/---

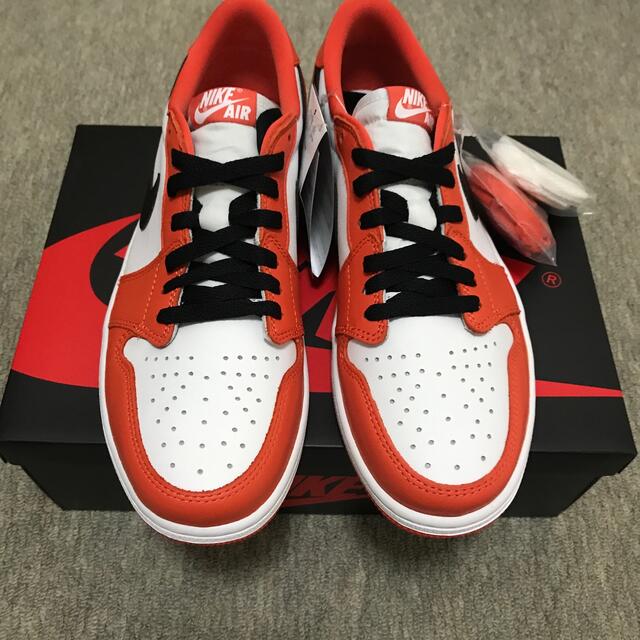 メンズAIR JORDAN1 LOW OG STARFISH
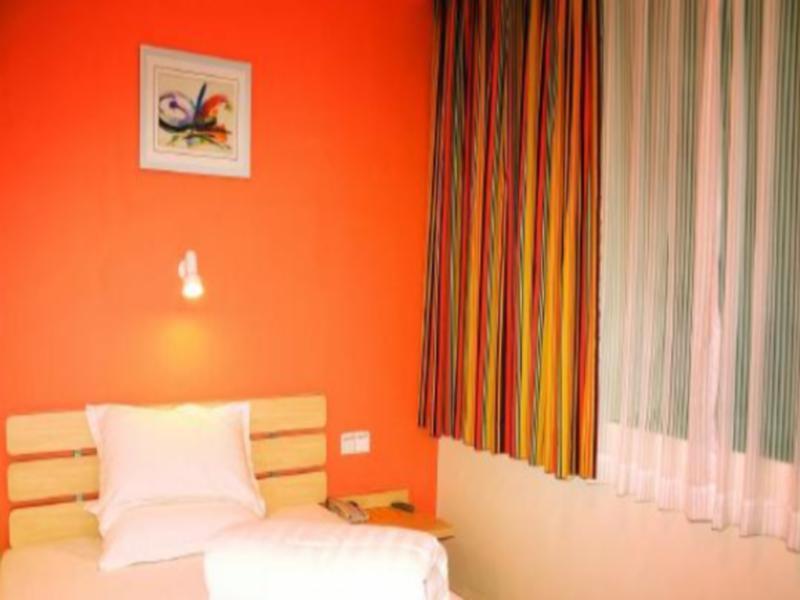 7Days Inn Sanqiao Hou Ba Guiyang  Buitenkant foto
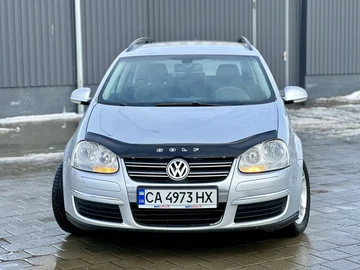 Авто Volkswagen Golf 2008 № 8511283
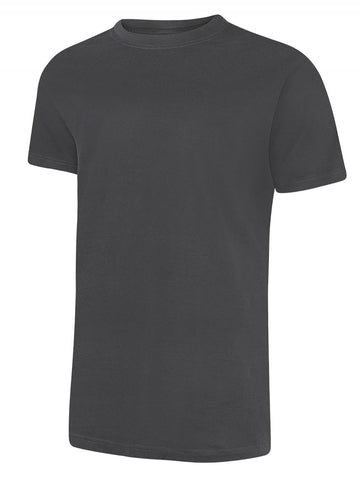 Classic T Shirt Charcoal - BeSafe Supplies Ltd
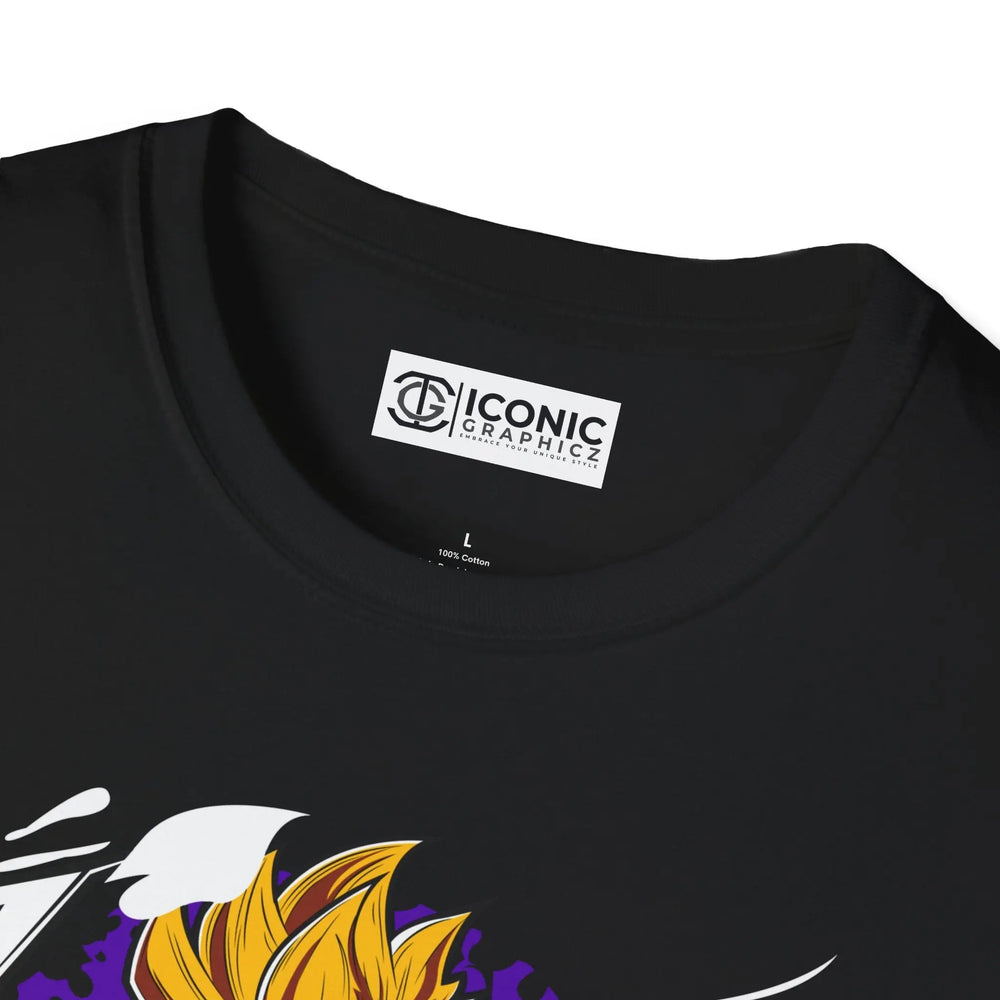 Gohan Dragonball T-Shirt Printify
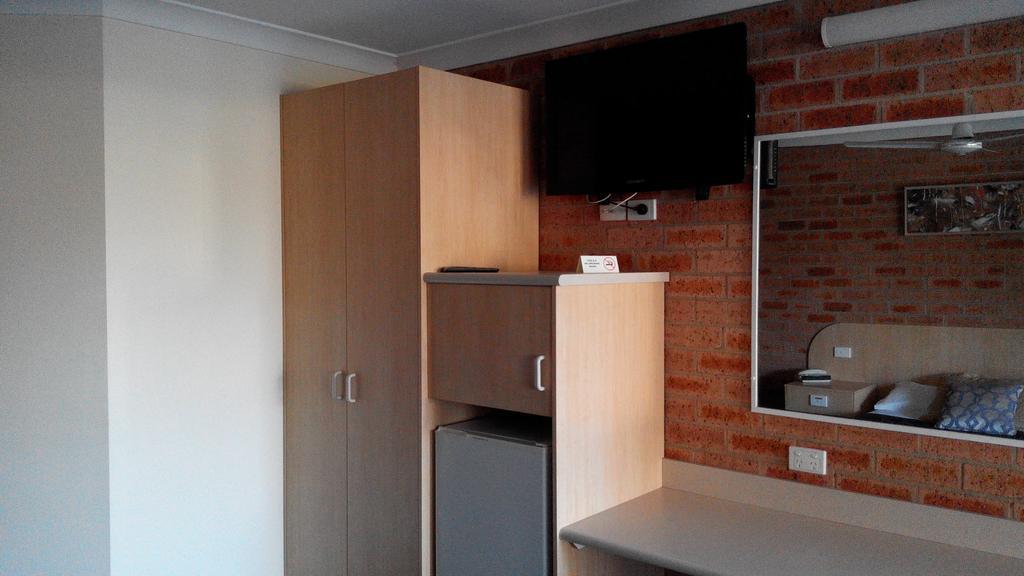 Branxton House Motel 객실 사진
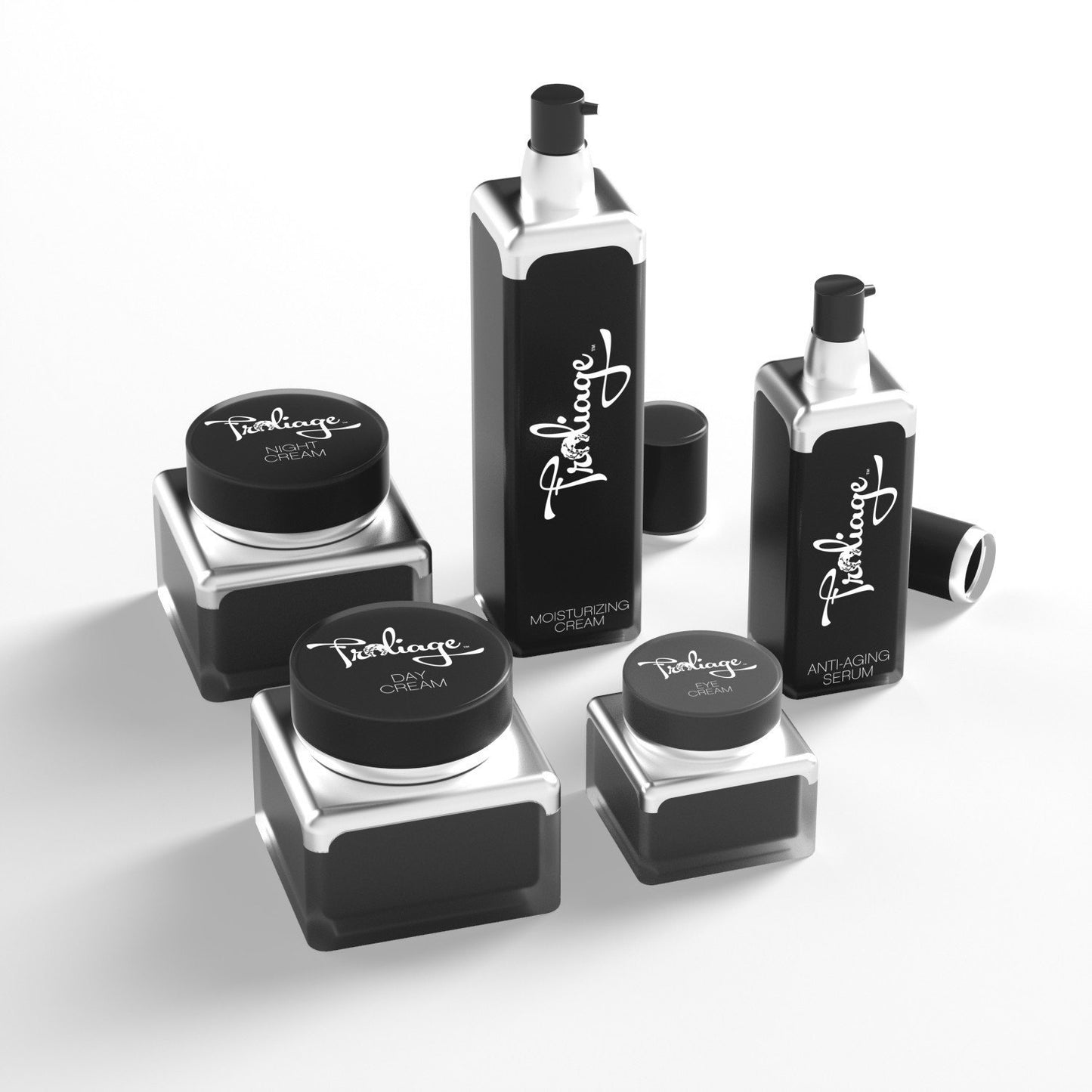 Froliage Anti-Aging Skin Care Bundle - Froliage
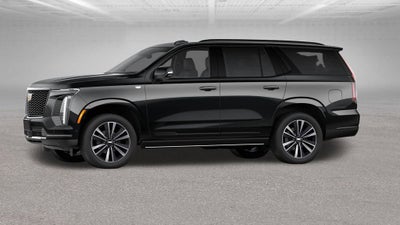 2026 Cadillac Escalade Sport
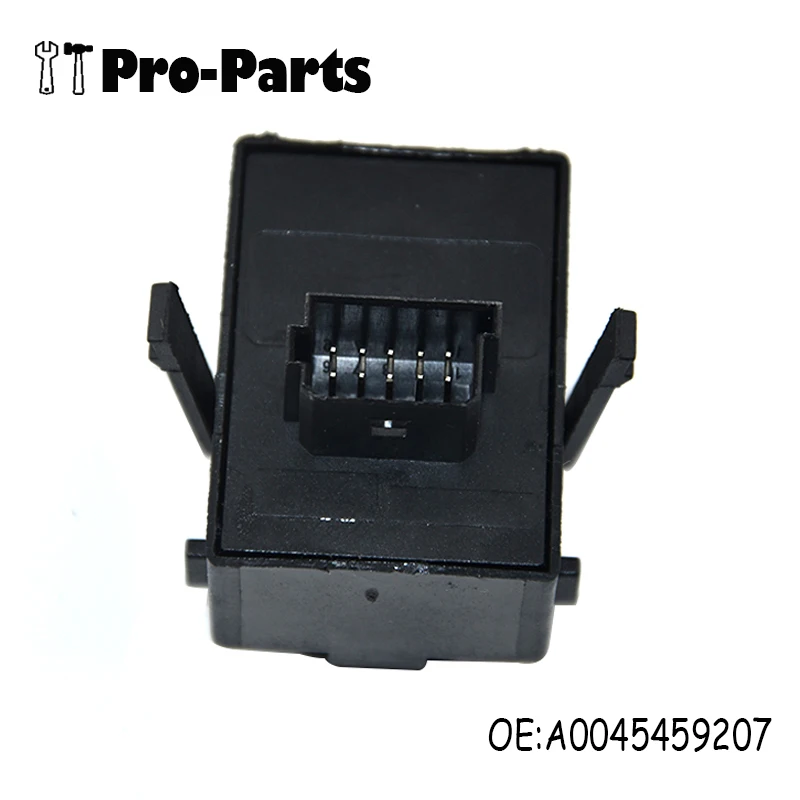 A0045459207 New Mirror Adjustment Control Switch For Mercedes Sprinter 903 Vito W638 0045459207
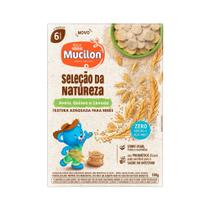 Mucilon Selecao Da Natureza 100gr Aveia, Quinoa E Cevada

\---

Word for word, restate all of the records. Exclude the pictures.

 メンズAIR JORDAN1 LOW OG STARFISH
 7Days Inn Sanqiao Hou Ba Guiyang  Buitenkant foto
 Авто Volkswagen Golf 2008 № 8511283
 Classic T Shirt Charcoal - BeSafe Supplies Ltd
 Gohan Dragonball T-Shirt Printify
 Branxton House Motel 객실 사진
 Froliage Anti-Aging Skin Care Bundle - Froliage
 2026 Cadillac Escalade Sport
 A0045459207 New Mirror Adjustment Control Switch For Mercedes Sprinter 903 Vito W638 0045459207
 Mucilon Selecao Da Natureza 100gr Aveia, Quinoa E Cevada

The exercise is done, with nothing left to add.